Diverses obédiences françaises se réclament du Rite Ecossais Ancien et Accepté. Nul ne saurait, cela va de soi, leur disputer cette appartenance. Pourtant, avec le temps et les volontés de quelques-uns de laisser leur trace dans les pratiques, diverses altérations ont été proposées, sans que soient remis en cause les fondamentaux,… Ainsi, l’indépendance des grades « symboliques » d’Apprenti, Compagnon et Maitre et de ce qu’il est convenu d’appeler les hauts grades, du 4e au 33e, n’a pas toujours été aussi clairement établie qu’à l’heure actuelle.
C’est en particulier le cas lorsque les loges symboliques pratiquent le Rite Ecossais Ancien et Accepté dès le premier degré, notamment en France et en Belgique. Les rituels de certains hauts grades mentionnent encore l’existence de « prérogatives » remontant à leur origine, donc antérieures à la constitution du Rite Écossais Ancien et Accepté.
Le nom même du Rite a parfois légèrement varié. On sait ainsi que la Juridiction Nord des États-Unis utilisant le plus souvent l’expression « Ancient Accepted Scottish Rite ».
Dans de nombreuses juridictions, il existe également des particularités, généralement minimes, mais parfois plus importantes, s’agissant surtout des degrés qui sont réellement pratiqués. Dans la plupart des obédiences, et comme cela était en général l’usage au 18ème siècle, les autres degrés ne sont pas réellement pratiqués et ne sont transmis que « par communication ».
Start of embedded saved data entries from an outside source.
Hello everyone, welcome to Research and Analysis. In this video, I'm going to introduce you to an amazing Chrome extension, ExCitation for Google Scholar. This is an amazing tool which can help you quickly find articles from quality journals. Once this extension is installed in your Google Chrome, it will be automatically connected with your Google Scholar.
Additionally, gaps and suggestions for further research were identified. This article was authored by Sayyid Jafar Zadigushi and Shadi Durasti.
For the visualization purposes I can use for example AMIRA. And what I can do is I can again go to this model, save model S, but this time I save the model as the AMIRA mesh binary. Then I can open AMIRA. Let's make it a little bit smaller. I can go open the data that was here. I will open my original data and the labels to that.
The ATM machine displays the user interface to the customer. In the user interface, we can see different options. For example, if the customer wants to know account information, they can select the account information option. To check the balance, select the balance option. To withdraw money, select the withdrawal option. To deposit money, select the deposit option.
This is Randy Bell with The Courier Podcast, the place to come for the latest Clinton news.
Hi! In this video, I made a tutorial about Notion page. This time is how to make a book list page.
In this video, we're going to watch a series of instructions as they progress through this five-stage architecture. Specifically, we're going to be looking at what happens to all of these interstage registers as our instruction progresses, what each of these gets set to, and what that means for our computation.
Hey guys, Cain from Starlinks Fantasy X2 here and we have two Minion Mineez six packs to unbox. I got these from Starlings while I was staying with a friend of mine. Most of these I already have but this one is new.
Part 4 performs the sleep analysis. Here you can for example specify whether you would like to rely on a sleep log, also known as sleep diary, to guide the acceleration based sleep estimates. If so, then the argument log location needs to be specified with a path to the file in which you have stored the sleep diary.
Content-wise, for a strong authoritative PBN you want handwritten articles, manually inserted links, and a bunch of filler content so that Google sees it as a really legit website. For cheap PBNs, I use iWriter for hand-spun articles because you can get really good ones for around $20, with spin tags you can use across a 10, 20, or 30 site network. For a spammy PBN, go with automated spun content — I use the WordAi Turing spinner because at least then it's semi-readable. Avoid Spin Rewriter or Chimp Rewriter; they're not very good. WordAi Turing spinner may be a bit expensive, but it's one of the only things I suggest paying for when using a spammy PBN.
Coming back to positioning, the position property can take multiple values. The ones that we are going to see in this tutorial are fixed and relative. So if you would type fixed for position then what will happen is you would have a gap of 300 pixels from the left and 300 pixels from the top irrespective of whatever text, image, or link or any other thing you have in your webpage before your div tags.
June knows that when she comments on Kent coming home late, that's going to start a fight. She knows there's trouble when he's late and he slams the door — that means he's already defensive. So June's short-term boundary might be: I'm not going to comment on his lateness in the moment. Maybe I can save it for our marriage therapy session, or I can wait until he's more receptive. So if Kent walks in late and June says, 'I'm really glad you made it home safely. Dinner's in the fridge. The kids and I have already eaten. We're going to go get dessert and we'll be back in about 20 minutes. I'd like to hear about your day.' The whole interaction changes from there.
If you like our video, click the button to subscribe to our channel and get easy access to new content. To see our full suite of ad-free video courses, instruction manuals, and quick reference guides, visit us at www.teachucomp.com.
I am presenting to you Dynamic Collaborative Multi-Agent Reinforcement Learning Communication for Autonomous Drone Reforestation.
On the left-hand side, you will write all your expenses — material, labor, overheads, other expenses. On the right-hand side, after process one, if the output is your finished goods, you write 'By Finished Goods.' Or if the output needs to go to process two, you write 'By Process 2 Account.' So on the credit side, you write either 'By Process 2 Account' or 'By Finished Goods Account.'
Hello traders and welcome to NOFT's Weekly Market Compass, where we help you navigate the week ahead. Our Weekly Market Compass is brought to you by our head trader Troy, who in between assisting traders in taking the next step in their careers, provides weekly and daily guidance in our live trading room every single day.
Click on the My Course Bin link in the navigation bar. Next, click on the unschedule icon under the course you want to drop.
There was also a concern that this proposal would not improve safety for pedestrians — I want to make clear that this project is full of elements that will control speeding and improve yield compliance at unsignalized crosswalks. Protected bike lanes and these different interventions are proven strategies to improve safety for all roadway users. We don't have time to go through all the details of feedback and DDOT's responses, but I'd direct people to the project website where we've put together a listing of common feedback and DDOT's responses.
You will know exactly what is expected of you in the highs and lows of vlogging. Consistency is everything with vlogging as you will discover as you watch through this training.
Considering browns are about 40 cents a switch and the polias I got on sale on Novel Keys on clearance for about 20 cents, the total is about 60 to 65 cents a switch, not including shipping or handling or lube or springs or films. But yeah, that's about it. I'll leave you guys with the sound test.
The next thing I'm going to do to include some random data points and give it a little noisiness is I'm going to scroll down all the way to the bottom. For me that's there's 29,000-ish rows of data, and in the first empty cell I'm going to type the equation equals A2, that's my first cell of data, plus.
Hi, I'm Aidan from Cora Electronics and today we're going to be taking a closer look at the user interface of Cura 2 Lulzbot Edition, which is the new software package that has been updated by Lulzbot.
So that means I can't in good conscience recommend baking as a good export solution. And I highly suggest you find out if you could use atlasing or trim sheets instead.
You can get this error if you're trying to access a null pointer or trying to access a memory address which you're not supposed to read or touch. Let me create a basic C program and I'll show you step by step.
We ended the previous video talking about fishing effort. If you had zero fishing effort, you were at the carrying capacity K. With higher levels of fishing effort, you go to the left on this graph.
On notera au demeurant qu’aux États-Unis, le système est beaucoup plus rapide que dans d’autres pays, notamment en Europe, puisqu’il permet d’atteindre le 32e degré en très peu d’années alors que chez nous et en Amérique du Sud, une telle progression requiert au bas mot une vingtaine d’années. On comprend alors pourquoi plusieurs juridictions européennes et sud-américaines ne reconnaissent pas automatiquement les grades élevés reçus par leurs membres à l’occasion d’un séjour aux États-Unis !
Revenons à l’histoire…
Les Hauts Grades ont rapidement prospéré en France. Dès 1732, une loge anglaise, nommée L’Anglaise, a été fondée à Bordeaux. Elle existe encore de nos jours.
À cette époque, les deux principales villes maçonniques en France étaient Bordeaux et Paris. Cela explique que ce soit dans cette dernière ville que le 27 août 1761, la Grande Loge française –dont le titre complet était Grande et Souveraine Loge de Saint-Jean de Jérusalem- forte de son instance des degrés supérieurs, le Conseil des Empereurs d’Orient et d’Occident, Souveraine Loge Mère Écossaise, eût le souci d ‘étendre le rayonnement de ce rite au-delà de la France métropolitaine.
Les origines du REAA
Dès 1733, existe à Londres une loge de Temple Bar, qui confère à certains membres le degré de « Maître écossais ». Ce degré a été également conféré en 1735 dans une loge de Bath et en 1736 dans la loge « française » St George de l’Observance no 49 de Covent Garden.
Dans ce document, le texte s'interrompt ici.